Lights As If Out of Nowhere

Marc Chagall, "Holy Family"

Marc Chagall, “Holy Family”

Spiritual Sunday 

Here’s a wonderful Christmas poem, written in 1971 by the Russian Jewish author Joseph Brodsky not long before he was expelled from the Soviet Union. Brodsky tried to write a Christmas poem every year and the complete collection appeared in Nativity (Farrar Straus, 2001).

Given how the eventual Nobel Prize winner was persecuted in the Soviet Union, at one time being found of unsound mind, I love his line, “Herod reigns but the stronger he is,/the more sure, the more certain the wonder.” In Brodsky’s vision, the seeming emptiness of life calls forth our magi selves as we go scrambling for gifts. But that’s only the beginning. In what Brodsky calls “the basic mechanics of Christmas,” we are pervaded by “a sort of good will touched with grace”; then we distinguish (but fail to recognize) a stranger at the door; then, as “the drafts through the doorway disperse the thick mist of the hours of darkness,” we begin to discover “the Spirit that’s Holy” within ourselves; and then we see…a star.

December 24, 1971

By Joseph Brodsky

When it’s Christmas we’re all of us magi.
At the grocers’ all slipping and pushing.
Where a tin of halvah, coffee-flavored,
is the cause of a human assault-wave
by a crowd heavy-laden with parcels:
each one his own king, his own camel.

Nylon bags, carrier bags, paper cones,
caps and neckties all twisted up sideways.
Reek of vodka and resin and cod,
orange mandarins, cinnamon, apples.
Floods of faces, no sign of a pathway
toward Bethlehem, shut off by blizzard.

And the bearers of moderate gifts
leap on buses and jam all the doorways,
disappear into courtyards that gape,
though they know that there’s nothing inside there:
not a beast, not a crib, nor yet her,
round whose head gleams a nimbus of gold.
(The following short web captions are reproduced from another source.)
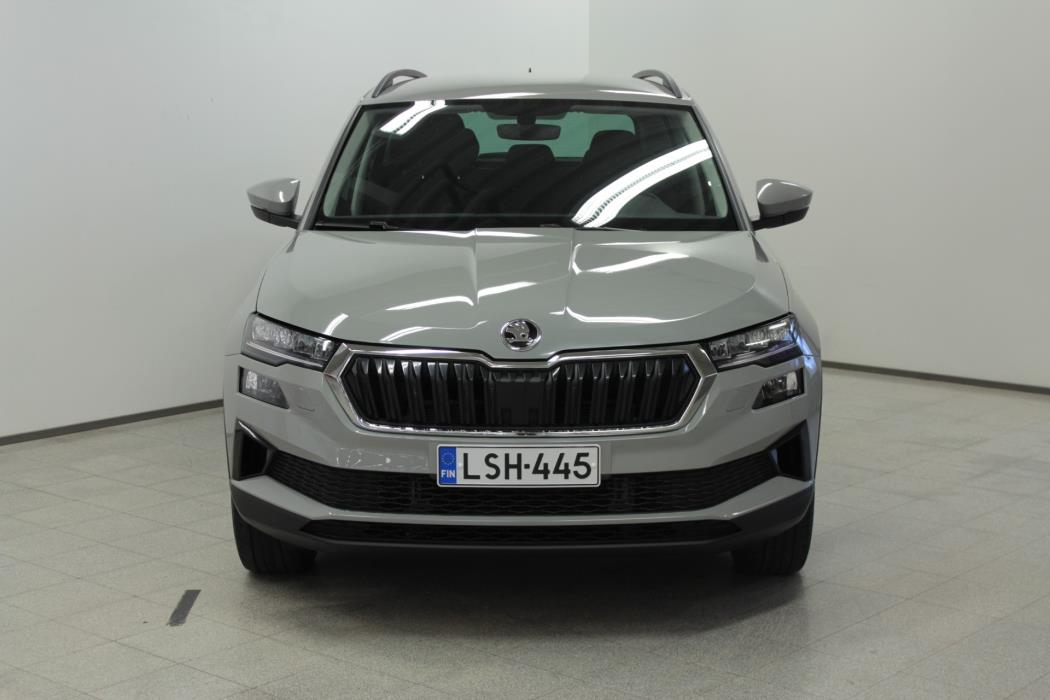 SKODA Karoq 2023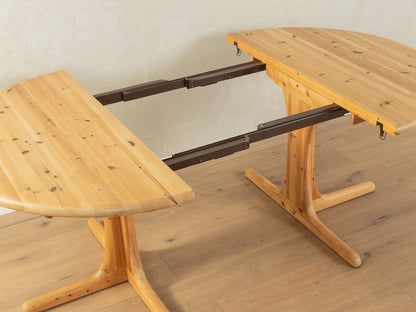 1970er Jahre Esstisch - Mid Century Friends - Vintage - Retro - Mid Century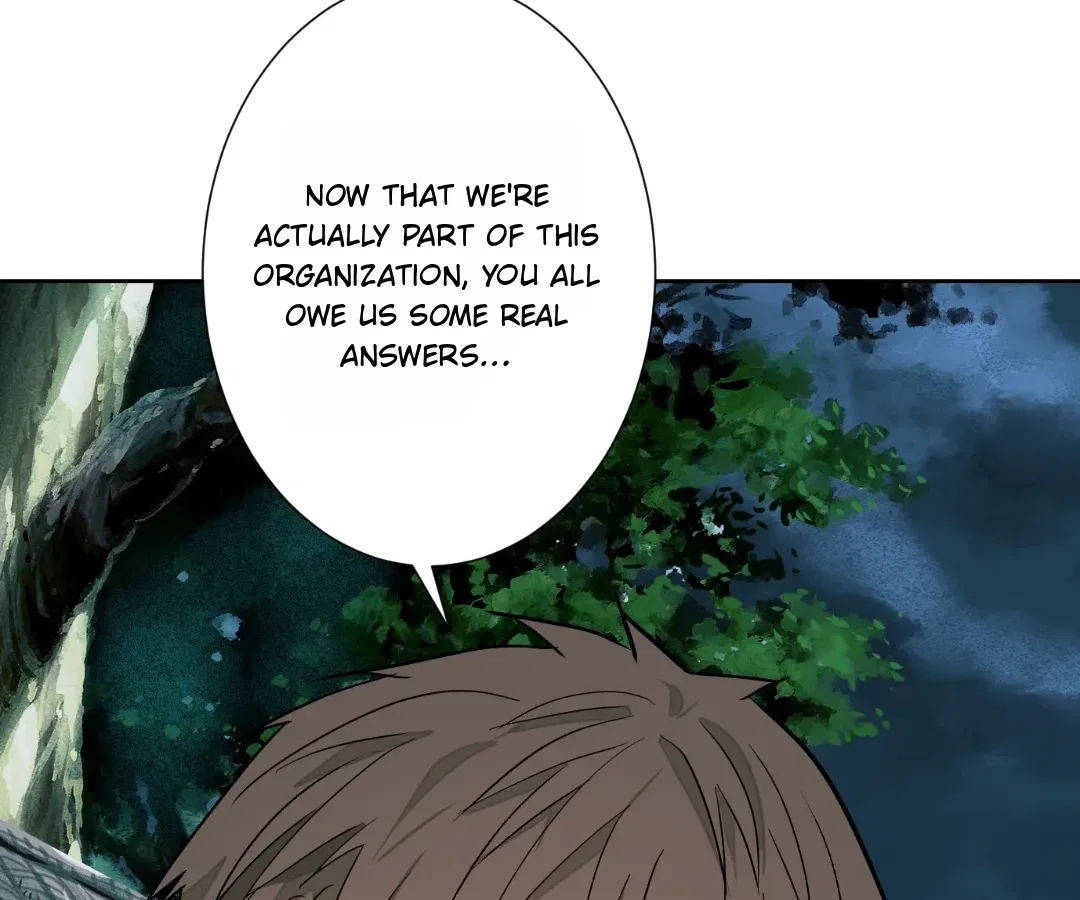 The Lost City of Alien Beasts Chapter 42 – Page 95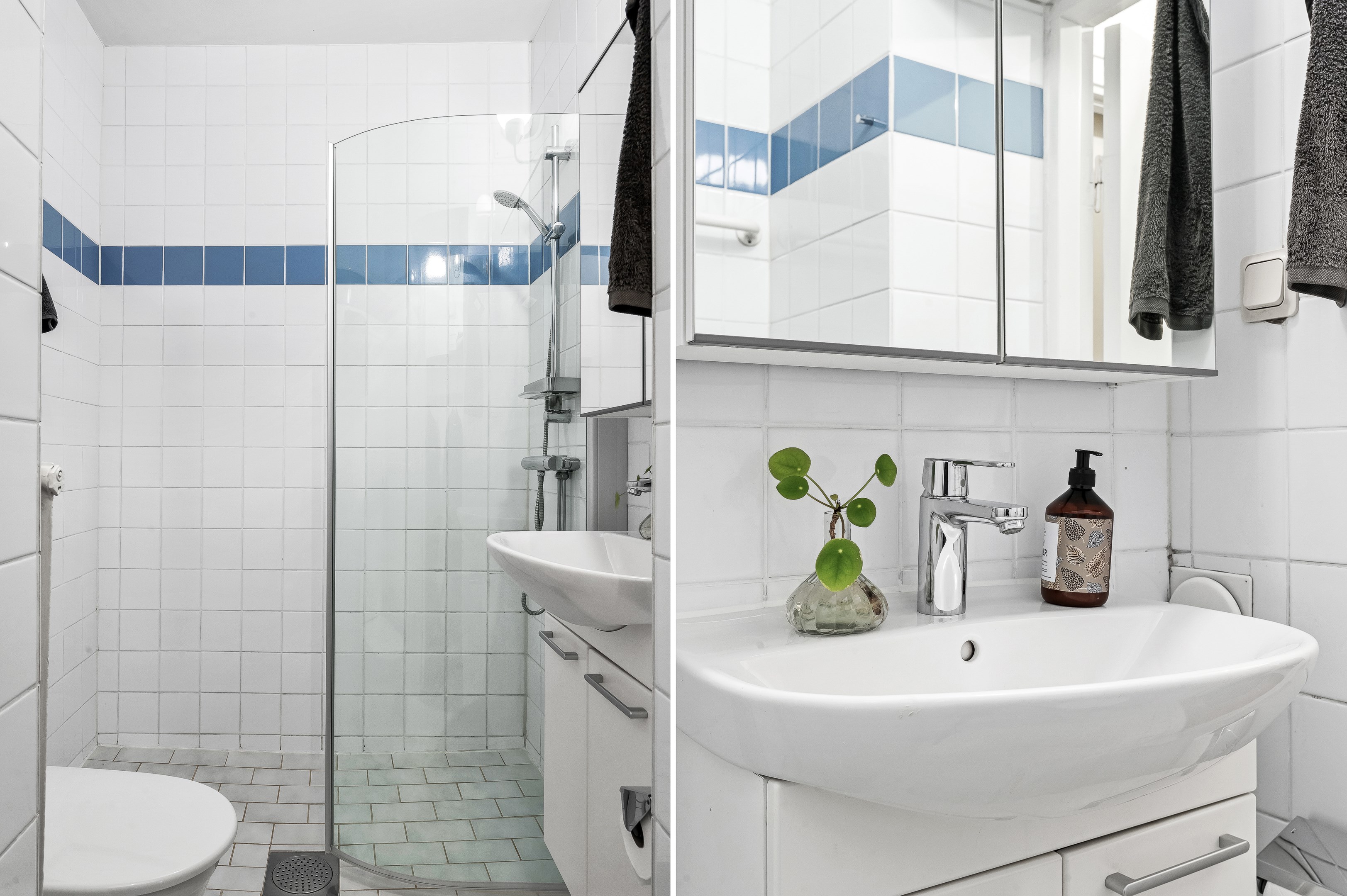 Bostadsbild från Kyrkogårdsgatan 45 B, Såld i Luthagen, Uppsala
Emptiness. But the mere thought of that
brings forth lights as if out of nowhere.
Herod reigns but the stronger he is,
the more sure, the more certain the wonder.
In the constancy of this relation
is the basic mechanics of Christmas.

That’s what they celebrate everywhere,
for its coming push tables together.
No demand for a star for a while,
but a sort of good will touched with grace
can be seen in all men from afar,
and the shepherds have kindled their fires.

Snow is falling: not smoking but sounding
chimney pots on the roof, every face like a stain.
Herod drinks. Every wife hides her child.
He who comes is a mystery: features
are not known beforehand, men’s hearts may
not be quick to distinguish the stranger.

But when drafts through the doorway disperse
the thick mist of the hours of darkness
and a shape in a shawl stands revealed,
both a newborn and Spirit that’s Holy
in yourself you discover; you stare
skyward, and it’s right there:

                                               a star.